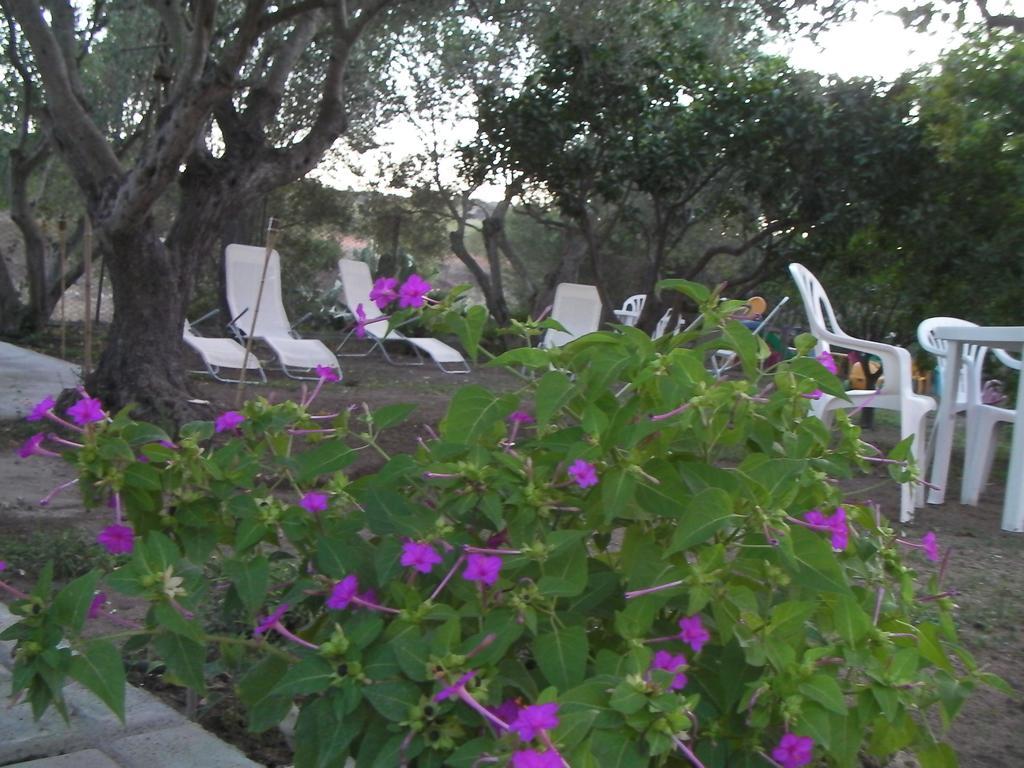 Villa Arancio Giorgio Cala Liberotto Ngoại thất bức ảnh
* * *
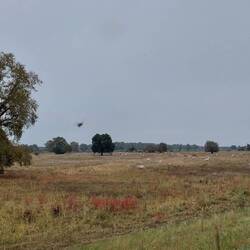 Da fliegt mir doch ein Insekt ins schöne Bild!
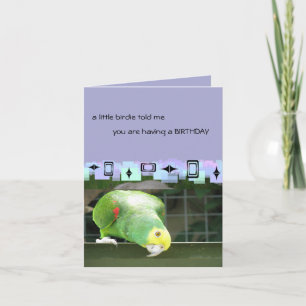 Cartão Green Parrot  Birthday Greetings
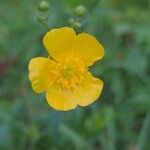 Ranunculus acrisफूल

To do :: Above this task is a listing with pictures in it. Retype only the lines from the one containing "Da fliegt mir" through the one containing "Ranunculus acrisफूल", both included, and not the pictures.

Task solution ::
 Da fliegt mir doch ein Insekt ins schöne Bild!
 Cartão Green Parrot  Birthday Greetings
 Ranunculus acrisफूल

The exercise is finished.